:: Task item ::
It would help if you retyped the data exactly, leaving out the pictures.

:: Supplied material ::
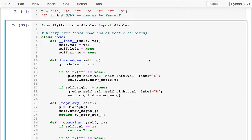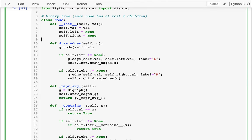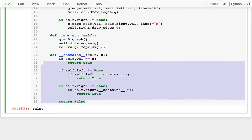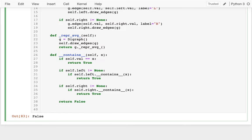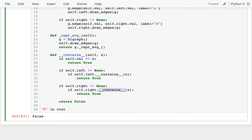Last time we were working on building this binary tree. I have the node class, cleaned up some prints from last time. We were working on this contains method — a special method that lets us check if a value is in the tree starting from the root. We did it recursively: check if the value is at the root, and if not, recursively check left and right, potentially looking at every node in the worst case.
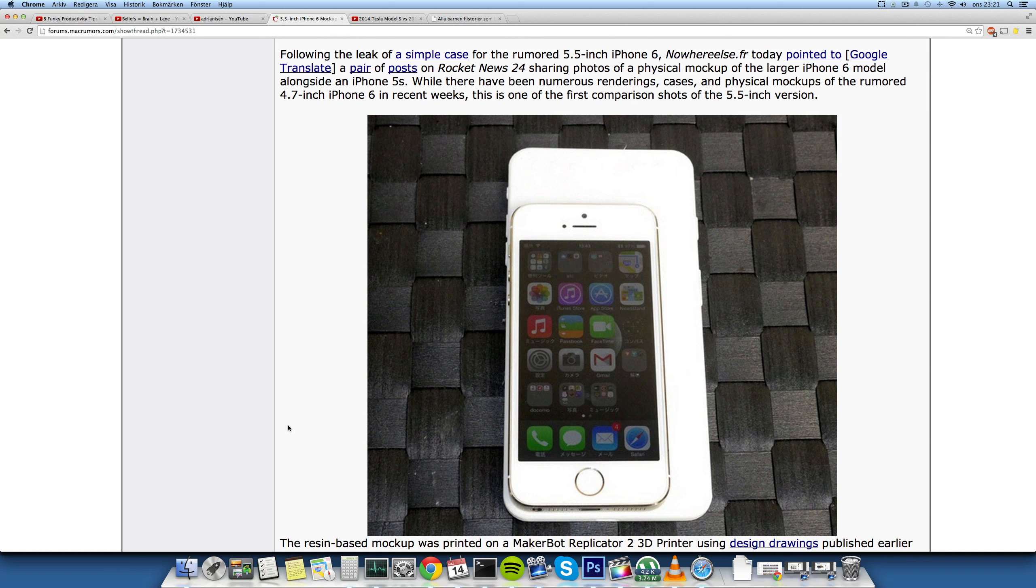But an iPhone 6 with 5.5 inches versus a Galaxy Note 4 with 5.7 or maybe 5.9 inches, that's gonna be intense, that's gonna be epic. So finally Apple is stepping up, and I can't wait to see what's gonna happen. Peace out.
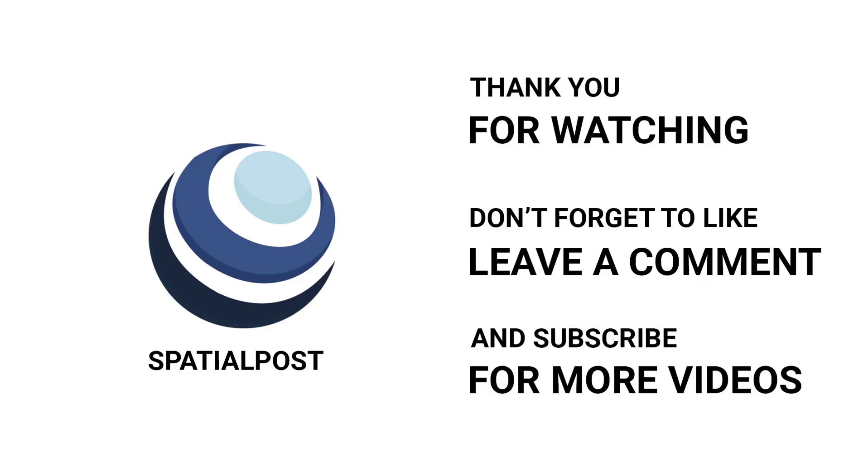Please make sure you like this video, subscribe spatialpost.com YouTube channel and share this on social media. Visit spatialpost.com for more details.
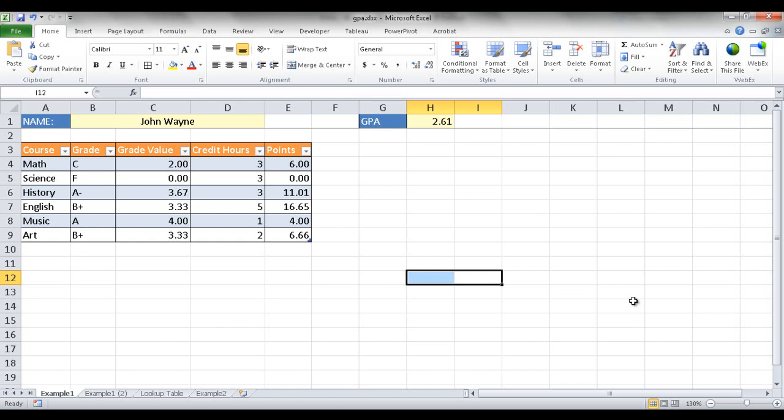In this session I'm going to show you how to calculate GPA or grade point average based on a set or a series of courses.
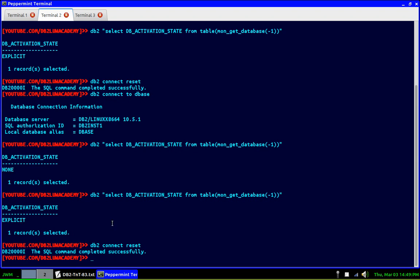So the explicit activations are properly captured, but probably I don't know why the implicit activation is showing as none. So that's the whole point. So do not use this mon_get_db activation state. I think for explicit activation it is good, for implicit activation it should say implicit. I don't know why it is showing none. So that's the whole point of this video tutorial.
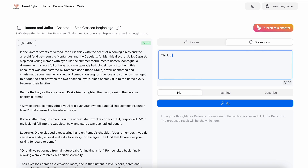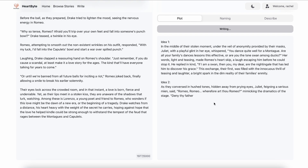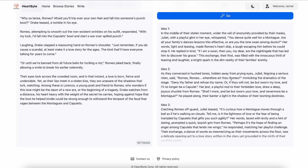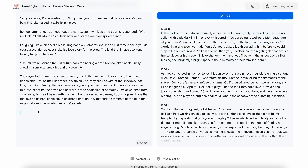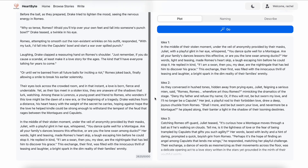Another cool feature HeartBite provides is brainstorm. When you are stuck struggling to think of a good plot, you can get inspired here. For example, I'd like HeartBite to help me brainstorm three ways Juliet teased Romeo when they first met. Now there are some new interesting ideas. I like the first one where Juliet compares Romeo to a swan, so I will copy and paste this one to the current story.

:: Result for this task ::
Last time we were working on building this binary tree. I have the node class, cleaned up some prints from last time. We were working on this contains method — a special method that lets us check if a value is in the tree starting from the root. We did it recursively: check if the value is at the root, and if not, recursively check left and right, potentially looking at every node in the worst case.
But an iPhone 6 with 5.5 inches versus a Galaxy Note 4 with 5.7 or maybe 5.9 inches, that's gonna be intense, that's gonna be epic. So finally Apple is stepping up, and I can't wait to see what's gonna happen. Peace out.
Please make sure you like this video, subscribe spatialpost.com YouTube channel and share this on social media. Visit spatialpost.com for more details.
In this session I'm going to show you how to calculate GPA or grade point average based on a set or a series of courses.
So the explicit activations are properly captured, but probably I don't know why the implicit activation is showing as none. So that's the whole point. So do not use this mon_get_db activation state. I think for explicit activation it is good, for implicit activation it should say implicit. I don't know why it is showing none. So that's the whole point of this video tutorial.
Another cool feature HeartBite provides is brainstorm. When you are stuck struggling to think of a good plot, you can get inspired here. For example, I'd like HeartBite to help me brainstorm three ways Juliet teased Romeo when they first met. Now there are some new interesting ideas. I like the first one where Juliet compares Romeo to a swan, so I will copy and paste this one to the current story.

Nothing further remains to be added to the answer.